London surged yesterday, wiping out the losses it had suffered on Friday and Monday.

Image: PA Images

THE BILLIONS WIPED off the British stock exchange returned yesterday, following a two-day market panic over the Brexit result.

The FTSE dipped 0.4% this morning ahead o the publication of Britain’s first-quarter economic growth data.

However, London surged yesterday, wiping out the losses it had suffered on Friday and Monday.

However, analysts warned of possible further market jitters, given the many unknowns about Britain’s path ahead as it handles its exit from the bloc and dealings with EU partners.

“First the panic effect, then the rebound. That’s a well-known mechanism on financial markets,” said Christopher Dembik, an economist at Saxo Banque in Paris.

“But we also know that after the rebound, volatility can re-emerge, and that is the main risk right now,” he said.

PastedImage-4976 The FTSE 100 over the last five days. Source: Google

“The markets aren’t calm, we are in the eye of the storm,” said Adam Jepsen at Financialspreads, adding that “not a single issue” had been resolved.

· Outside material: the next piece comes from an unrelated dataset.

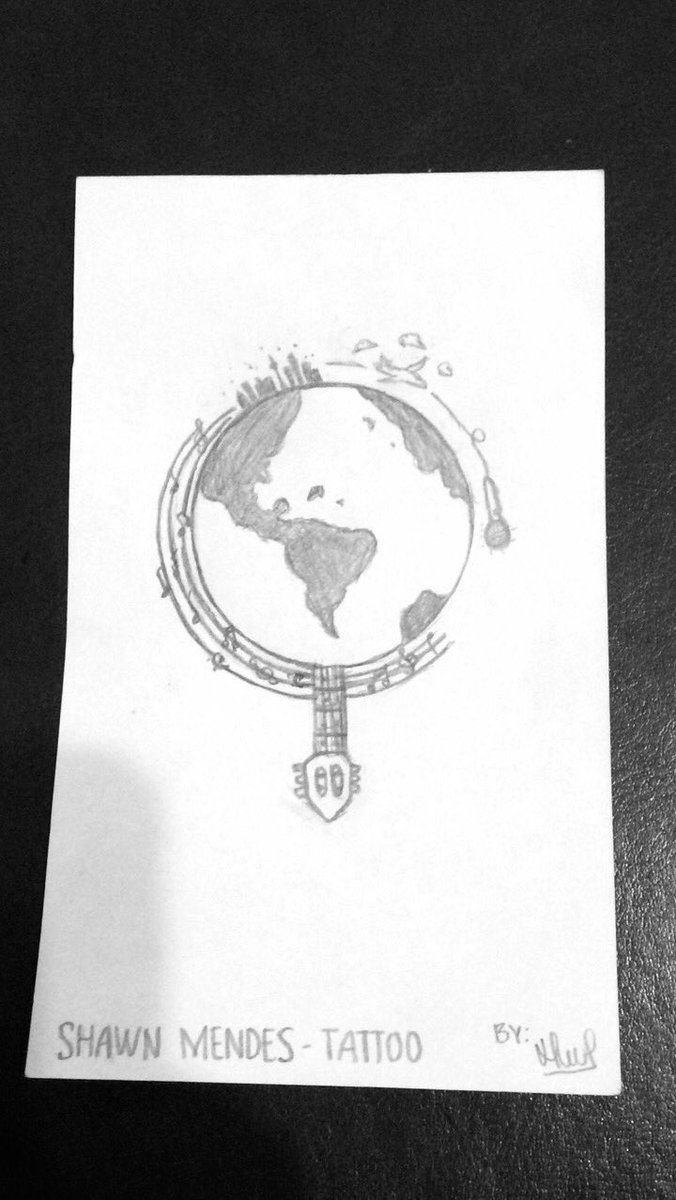 mariaftknj's tweet photo. @ShawnMendes #TattoosForShawn i made this a couple of weeks ago for a project and i really liked it sooo...☺️💙 @ShawnMendes https://t.co/wQhzt9cMbB
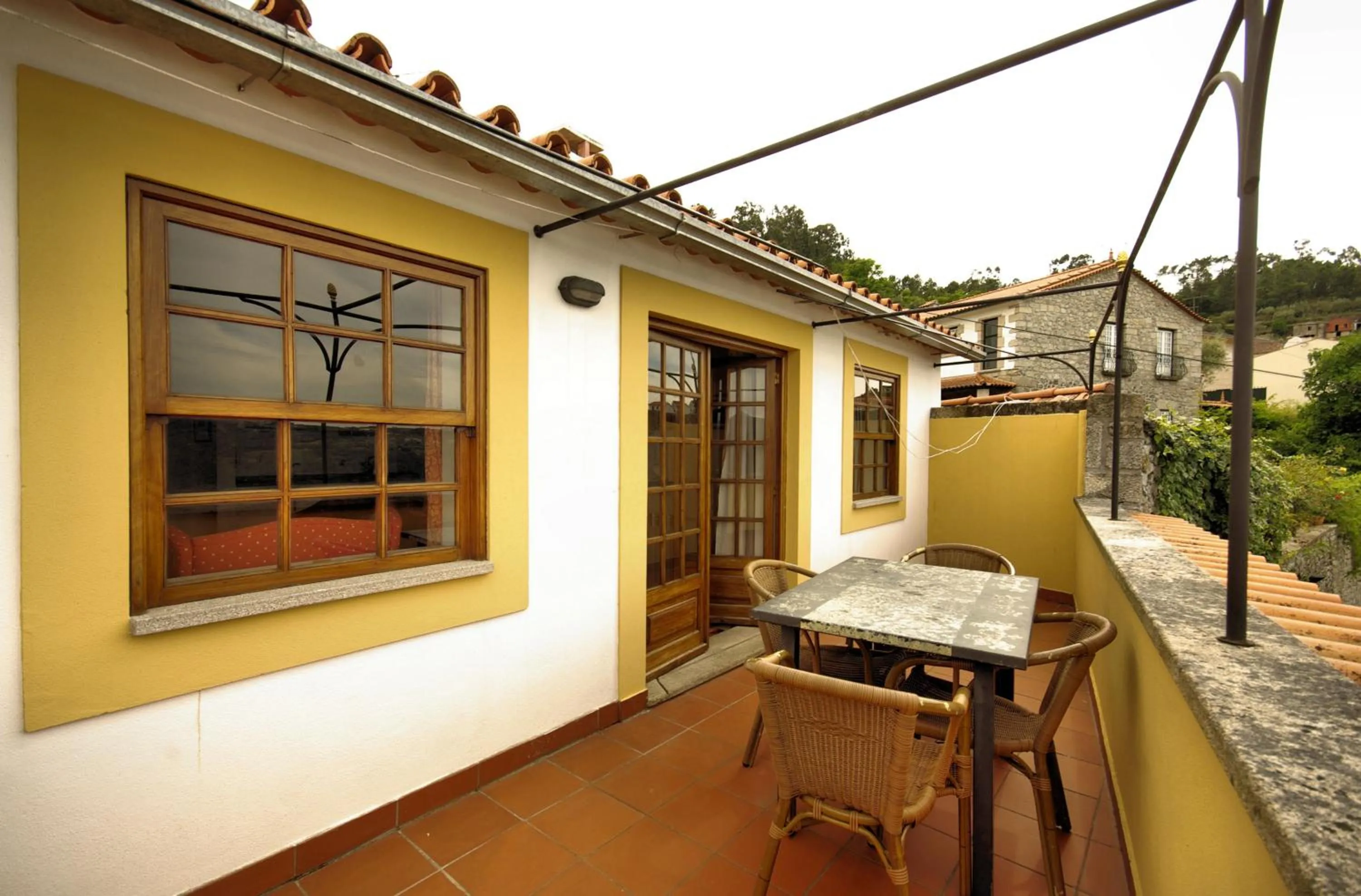 Facade/entrance in Hotel Rural Quinta da Geia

The FTSE 250, which handles more companies directly exposed to the UK domestic market, was still 1,400 points off where it was on the day of the vote, but has seen a stabilisation in recent days. The same has happened in Dublin, where the ISEQ – down 1,200 points – has seen a slight upturn in fortunes, up 0.3% today.

PastedImage-79943 The FTSE 250 over the last five days. Source: Google

The rebound was felt across the world, with New York, Paris and Frankfurt all experiencing strong days.

This morning, on currency markets, the pound edged down slightly from its New York close but managed to hold around $1.3445, well up from the 31-year-low $1.3121 touched Monday.

However, two ratings agencies have downgraded Britain’s credit rating, with Standard & Poor’s removing the country’s coveted AAA status.